-- Your assignment --
The records that follow are to be repeated exactly, without any pictures.

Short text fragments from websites
^^^^

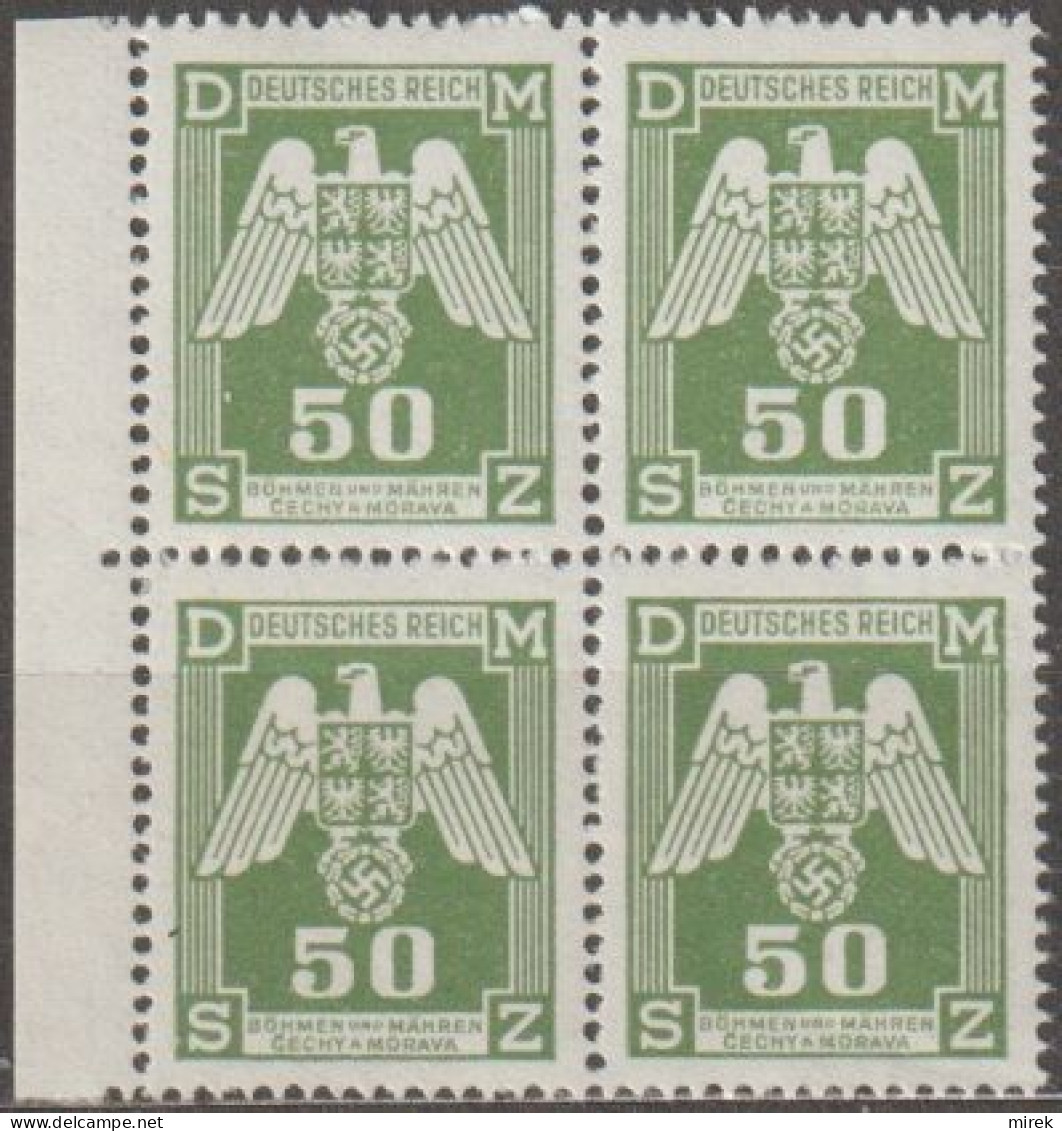 010/ Pof. SL 15, Green, Border 4-block - Unused Stamps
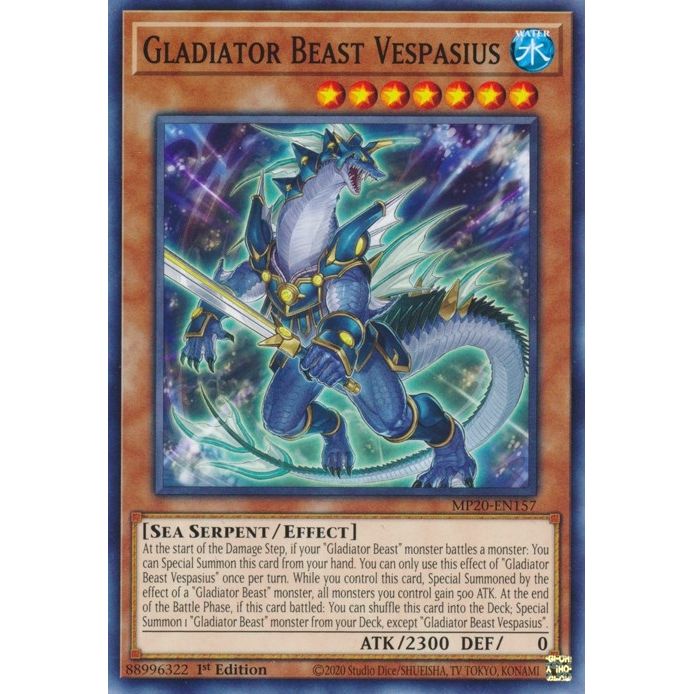Image for Gladiator Beast Vespasius (MP20-EN157) (MP20) - YuGiOh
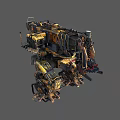 Detailed Intricate Industrial Mechanical Structure With Yellow Black Heavy Machinery Parts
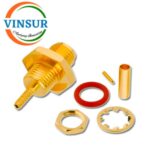 11921212 -- RF CONNECTOR - 50 OHMS , RP SMA FEMALE , STRAIGHT , BULK HEAD REARMOUNT, CRIMP TYPE , RG178 CABLE - Image 2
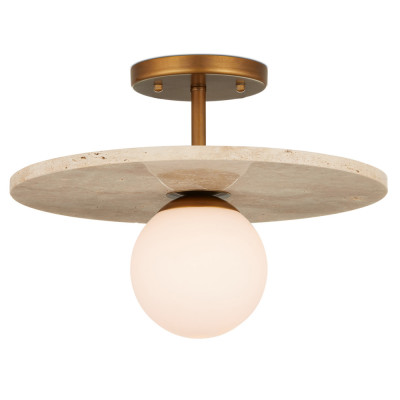 Потолочный светильник из травертина с плафоном из белого матового стекла Marble Glow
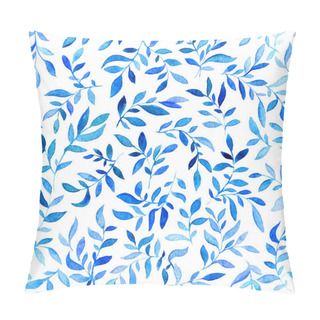 Personality  Watercolor Seamless Pattern With Blue, Azure Leaves. Pillow Covers
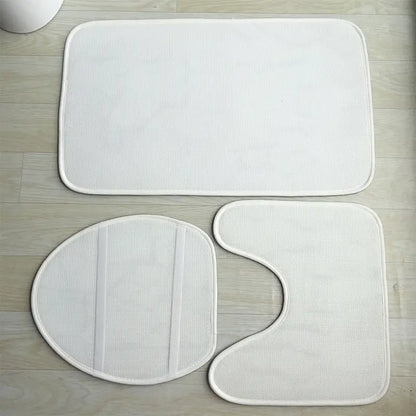 Green Non-Slip Absorbent Bathroom Floor Mat Set
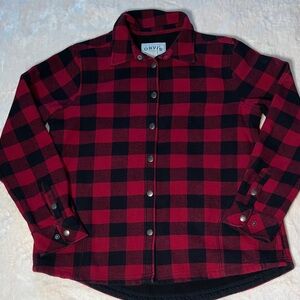 Orvis Women’s Red Black Buffalo Fleece Lined Shirt ‘Shacket’ Snap Side Pockets L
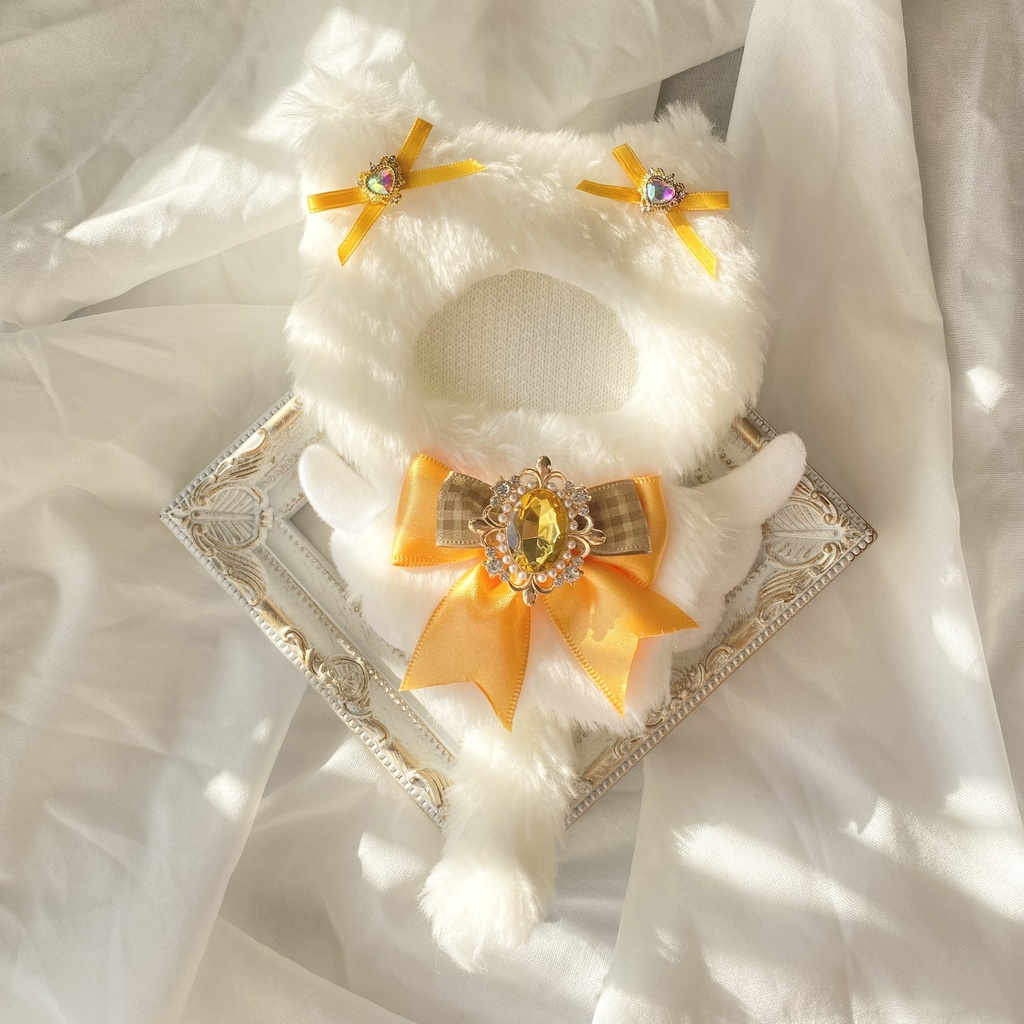 【ぷち's FES 】10cm ぬい用 着ぐるみ 天使なねこ ぬい服【パールオーバル】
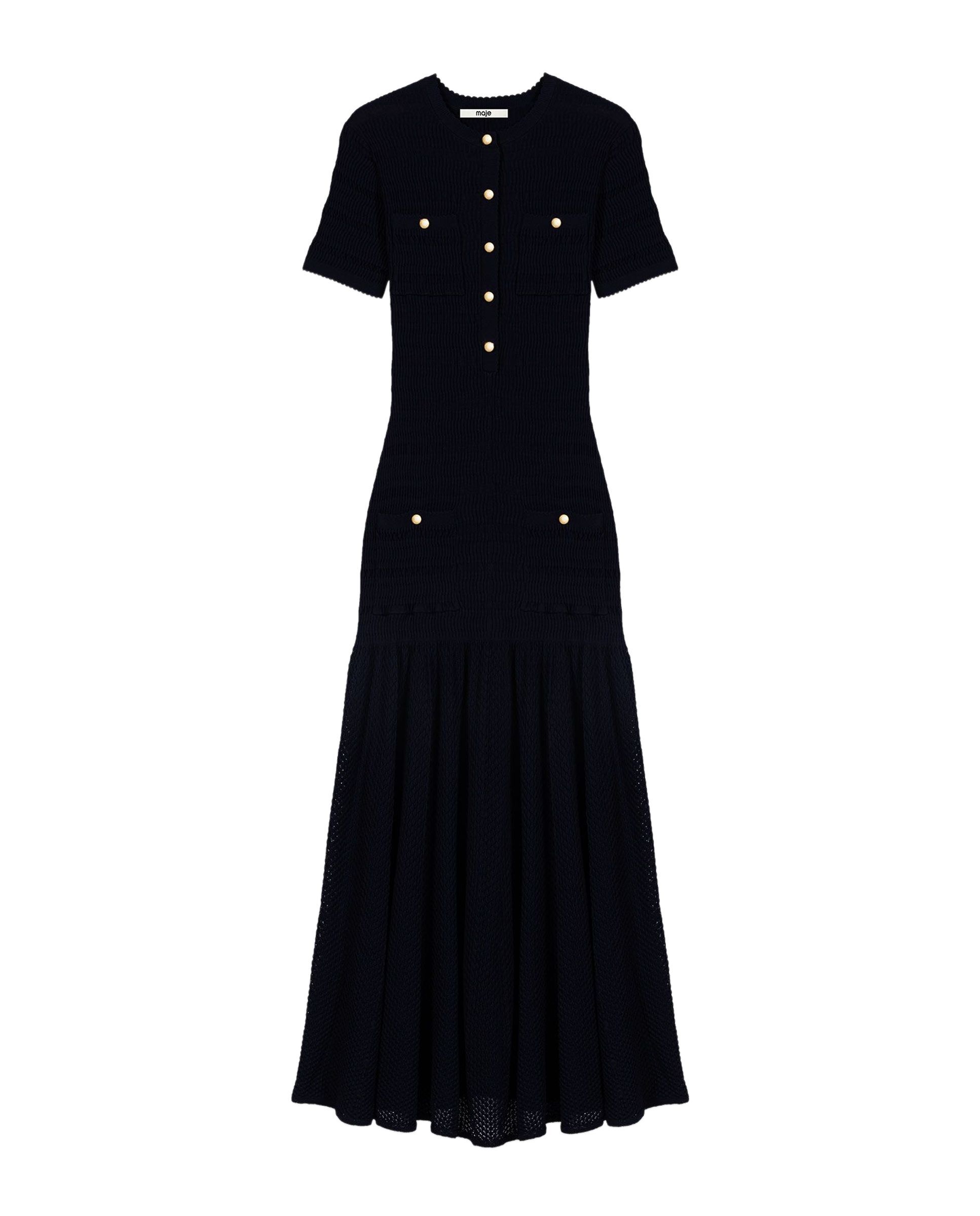 Vestido largo de punto pointelle con manga corta - Maje - Azul marino Azul marino-6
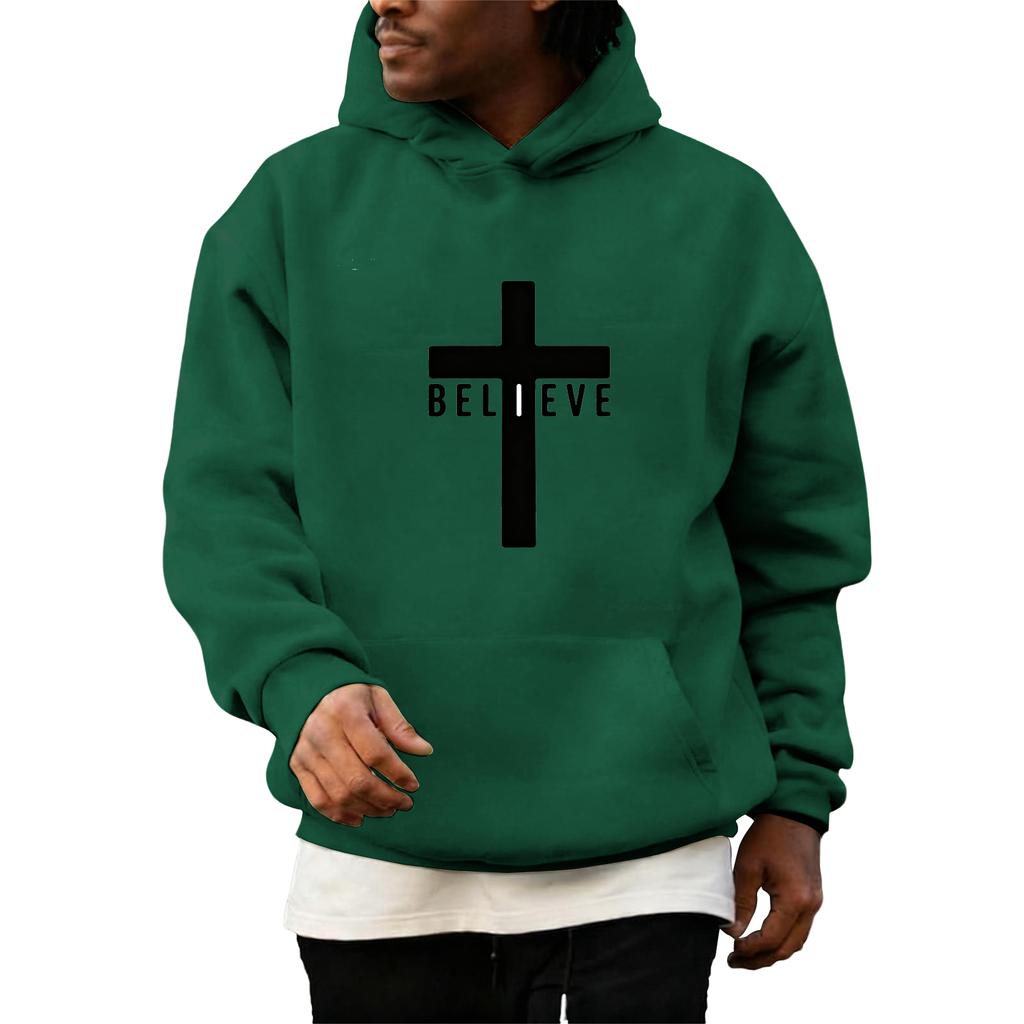 Sweatshirts For Men Christ Cross Pullover Hoodie Inspirational Graphic Long Sleeve Sweatshirt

^^^^

-- Answer --
 010/ Pof. SL 15, Green, Border 4-block - Unused Stamps
Image for Gladiator Beast Vespasius (MP20-EN157) (MP20) - YuGiOh
 Detailed Intricate Industrial Mechanical Structure With Yellow Black Heavy Machinery Parts
 11921212 -- RF CONNECTOR - 50 OHMS , RP SMA FEMALE , STRAIGHT , BULK HEAD REARMOUNT, CRIMP TYPE , RG178 CABLE - Image 2
 Потолочный светильник из травертина с плафоном из белого матового стекла Marble Glow
 Personality  Watercolor Seamless Pattern With Blue, Azure Leaves. Pillow Covers
 Green Non-Slip Absorbent Bathroom Floor Mat Set
 Orvis Women’s Red Black Buffalo Fleece Lined Shirt ‘Shacket’ Snap Side Pockets L
 【ぷち's FES 】10cm ぬい用 着ぐるみ 天使なねこ ぬい服【パールオーバル】
 Vestido largo de punto pointelle con manga corta - Maje - Azul marino Azul marino-6
 Sweatshirts For Men Christ Cross Pullover Hoodie Inspirational Graphic Long Sleeve Sweatshirt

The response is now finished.